Photo above shows the mold fabrication status as of the end of January, 2005.  The main bearing cap mold in the center of the photo is complete.  Others such as the connecting rod strap on the right side and the exhaust manifolds near the center of the photo have the epoxy in one half the molds.   Note that this process requires considerable effort and lots of aluminum to make the molds.   Hence, with the very low volume, the cost of a finished casting is nearly all due to the mold fabrication cost.  Another way to say this is that a casting with a few dollars of iron or steel might cost $100 or more.  As the volume increases, the mold cost can be spread over more parts and the cost per part reduced. 

Foundry: Charly sent some photos of the foundry operation with a description which I've included below.
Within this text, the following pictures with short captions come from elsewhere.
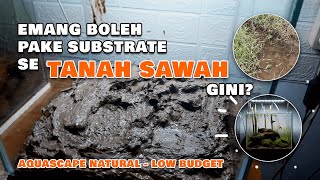 Aquascape low budget substrate tanah sawah ukuran 30cm tema natural sederhana bisa hemat banyak [upl. by Yancy]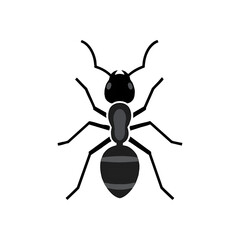 A simple, top-down illustration of a single black ant, showcasing its body structure.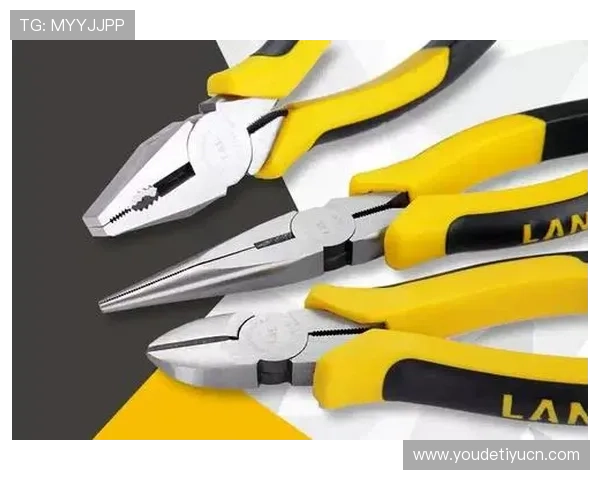 体育龙8游戏攻略：提升竞技水平的实用技巧与策略全方位解析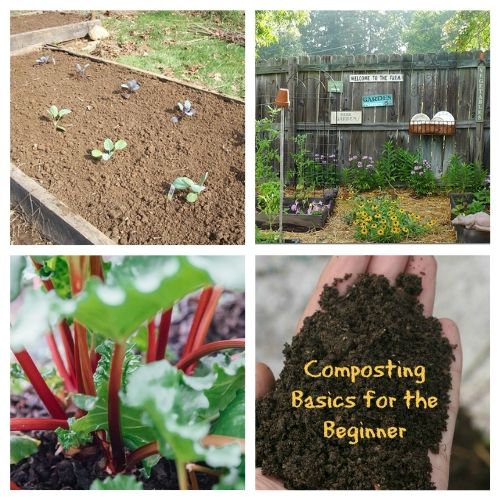 16 Resources for Newbie Gardeners- New to gardening? Here are 16 gardening articles every beginner gardener needs to read! | how to start a vegetable garden, beginning gardening, tips for new gardeners, #gardeningTips #gardening #vegetableGardening #ACultivatedNest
This is a wax injection machine.  The hot molten wax is injected from behind.  The hydraulic press holds the mold together.  The flat piece with the dowel pin sticking out the side of the mold is a core.
This is a mold being opened with another mold in the machine being injected.  The two rods in front of the mold are cores which have been pulled out of the mold.   The operator uses two screwdrivers in slots to pry open the mold. The aerosol spray can to the rear is mold release that is sprayed into the mold before injecting.  The blue pieces in the lower left corner are consumable cores ----- probably similar to the sand cores used in sand casting.
This a finished wax pattern.  The operator has cut off the sprue from the injection process ---- it is laying on the table.    The rectangles on the top of the wax are gates which will provide a path for the molten metal.   The gates will be sawed off after the casting process.  The groove at the bottom of the wax part was formed by the aluminum core with the dowel pin described earlier.  The two round holes were formed by the core pins on the table under the piece.
These are wax part trees.   The brown wax is the part.  This is a different part than the one  described above.  The light green column is the tree (or tree trunk).  The top is a ceramic funnel and the red wax is a safely riser. The brown wax parts are stuck to the tree trunk.
This shows an investment mixer and a dipping tank.  The wax trees are dipped and then hung on a rack to dry.  The dipping process is repeated until the investment coating is the proper thickness.  A couple of the coated trees can be seen in the background
After the parts are coated they are fired to harden  the investment and also to melt the wax leaving a cavity.   These are parts ready to be poured.
After pouring and cooling the investment is removed from the parts by hammering, tapping, etc.
One of the last steps is to cut the parts off the tree and then grind off the gates.

The castings: (Updated 7/9/2007) Upon return from five weeks volunteer teaching in Latin America my wife greeted me with a few words about things that needed repaired (YUK!) and a box of castings that arrived during my absence (YA!). 

The photo shows the 5 castings types received.  (The foundry has 18 molds so hopefully the remainder will be coming shortly.)  The valve stem heads are on the left,   the rocker arms in the center top and the rod bearing strap on the upper right.   The upper and lower outer eccentric straps are on the bottom.  All these are cast in 1020 steel.  That is a bit of surface rust on the one lower outer eccentric strap   The parts meet my expectations and will require little machining.

Hopefully I'll have photo of more casting types in the near future.